- Born: Yeyson Jorge Liendo Mamani January 1, 1986 (age 39) Inclán District, Tacna Province, Peru
- Conviction: Murder x5
- Criminal penalty: 35 years imprisonment

Details
- Victims: 5
- Span of crimes: October 30 – December 16, 2018
- Country: Peru
- State: Tacna
- Date apprehended: December 28, 2018

= Yeyson Liendo Mamani and Sonia Gaona Yaguno =

Peruvian serial killers

Yeyson Jorge Liendo Mamani (born January 1, 1986) and Sonia Karina Gaona Yaguno (born September 26, 1991) are Peruvian serial killers who robbed and killed five men in the Tacna Department from October to December 2018. Both were found guilty on all counts and each was sentenced to 35 years imprisonment.

==Modus operandi==
The couple's modus operandi consisted of Gaona selecting men she met at nightclubs and offering them either a friendly chat or sexual intimacy, then getting them drunk and convincing them to go together to hotels or to their homes.

Once in a location without any potential witnesses, Liendo - who would follow Gaona and the victim - would then restrain and proceeded to torture the victim until he revealed the password to his bank account.

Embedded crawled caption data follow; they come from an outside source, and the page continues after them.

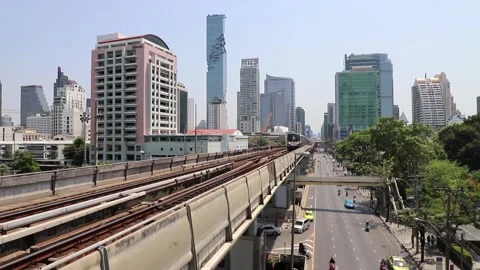 BTS Skytrain in Bangkok, passing train in the background of the city. Stock Footage 130181522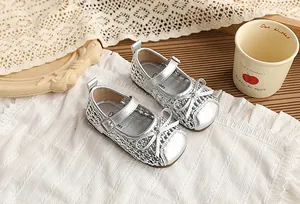 Primer plano de zapatos Mary Jane trenzados plateados para niñas con detalle de lazo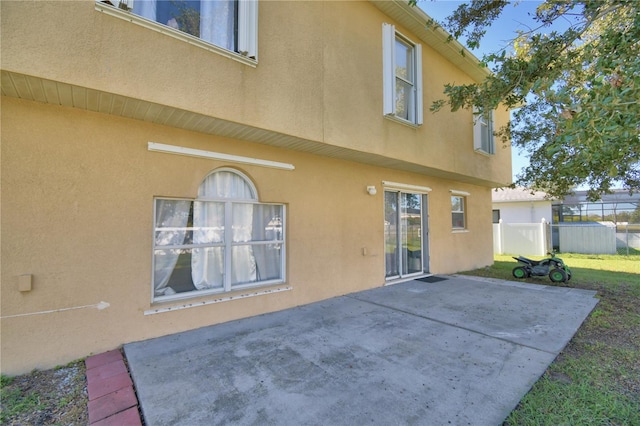 rear view of property with a patio area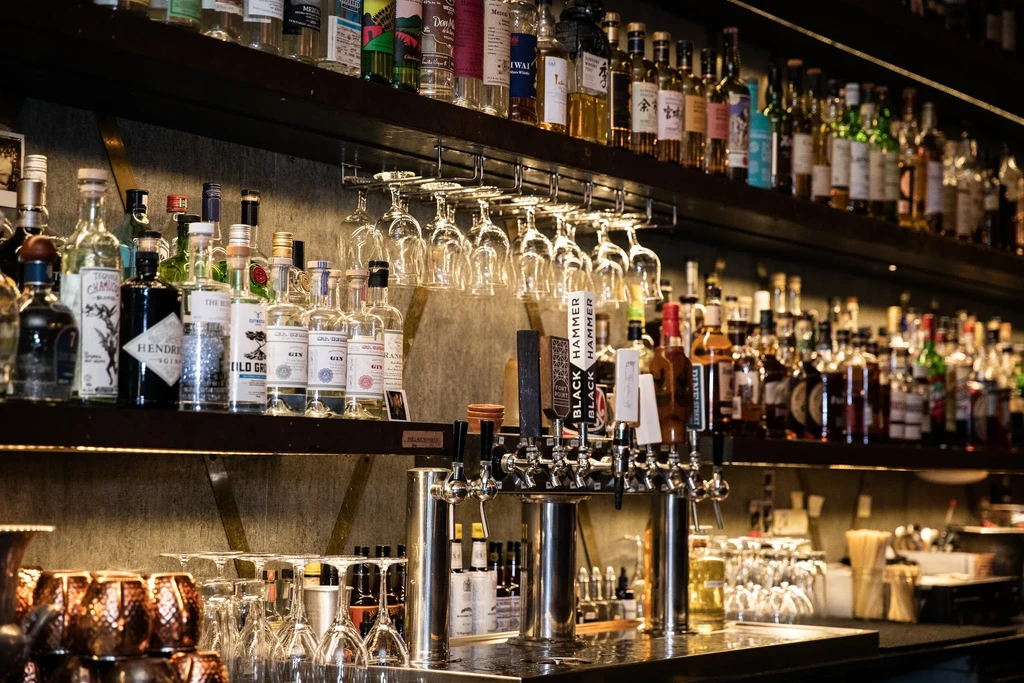 A well-stocked bar with bottles, glasses, and beer taps.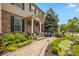 Landscaped front yard with stone walkway leading to a covered porch with seating and decorative plants at 1393 Turfway Dr, Avon, IN 46123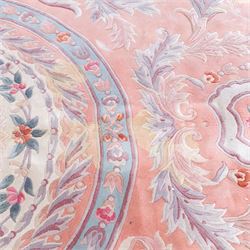 Large late 20th century Aubusson style wool carpet, peach and pastel toned field with central floral medallion enclosing scrolling acanthus and and foliate sprays, surrounding field decorated with further stylized foliage and and floral ornament, within shaped reserves and indigo corner spandrels, enclosed by narrow guard border, cotton fringe ends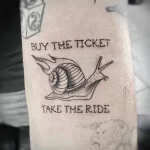Фото тату на руке: улитка с крыльями и надписью "Buy the ticket take the ride". Мотивирующая и оригинальная татуировка.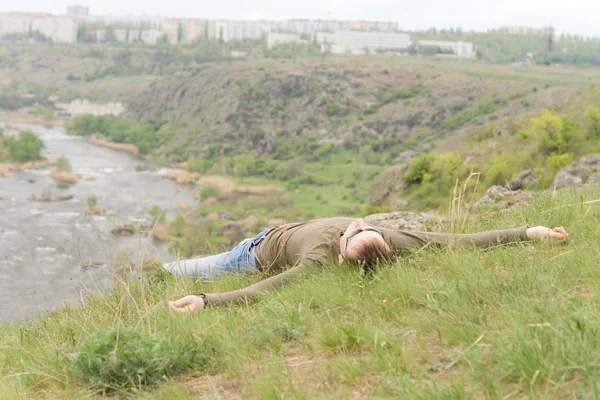 Человек, наслаждающийся солнцем, лежащим на холме — стоковое фото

Once the confessions were obtained, Liendo would strangle him and then steal his belongings.

==Murders==
=== José Luis Chino Ticona ===
On October 30, 2018, 33-year-old José Luis Chino Ticona, a former football player and manager known as "Pachingo", was found dead at his room in the village of La Esperanza, either by his father or his mother. He had been stabbed to death, and his room had been set on fire in an attempt to destroy evidence.

===Edwin Chacmana Aguilar===
On November 16, the body of 42-year-old engineer Edwin Felipe Chacmana Aguilar was found inside a house in the Coronel Gregorio Albarracín Lanchipa District. He had been hanged, and witnesses claimed that they had seen him in the company of an unknown young woman the day prior. His body was positively identified by his brother-in-law.

===Rodolfo Alanoca Llanos===
On November 30, the body of 52-year-old Rodolfo Mariano Alanoca Llanos, a professor at the Universidad Privada de Tacna, was found inside the trunk of his Chevrolet Spark, clad only in his underwear. Due to the rate of decomposition, it was determined that he had died approximately 12 hours prior, and had been strangled to death with a cable.

===Guillermo Gutiérrez Salas===
On December 3, 35-year-old Guillermo Gutiérrez Salas, an employee of the National Penitentiary Institute, was killed by the pair, with his body found three days later. He was naked on the floor of a room in a house he had rented on Pinto Avenue in Tacna. Like the previous victims, he had been strangled.

===Bladimir Calle Gutiérrez===
On December 16, the body of 57-year-old Vladimir Hilario Calle Gutiérrez, a Zofratacna employee, was found inside a building in Urbanización Caplina G-11. The autopsy determined that he died of mechanical asphyxiation.

==Arrest, trial, and imprisonment==
Near the end of December 2018, authorities who were still investigating the murder of Chino Ticona tracked down his movements after leaving the "Millenium" bar in the Industrial Park and the "Los Geranios" bar. They found Gaona at the latter bar, where she worked as a prostitute, and initially only took her statements as a witness - however, an examination of fingerprints found on a wine bottle found at the crime scene. Not long after, Liendo was arrested as well. With the evidence mounting against them, the pair confessed not only to killing Chino Ticona, but also the four other men in the last two months in the same way.

Both were arrested on December 27, 2018, and were put on trial in 2020. Liendo pleaded guilty on all counts in May 2020, and was sentenced to 35 years imprisonment. Gaona also admitted guilty, but contested the evidence against her. A month after Liendo's sentencing, she was also convicted and sentenced to 35 years imprisonment. The pair were jointly ordered to pay 42,857 soles in reparations to the victims' family members of the first four victims, as well as an additional 150,000 soles for the family members of Calle Gutiérrez.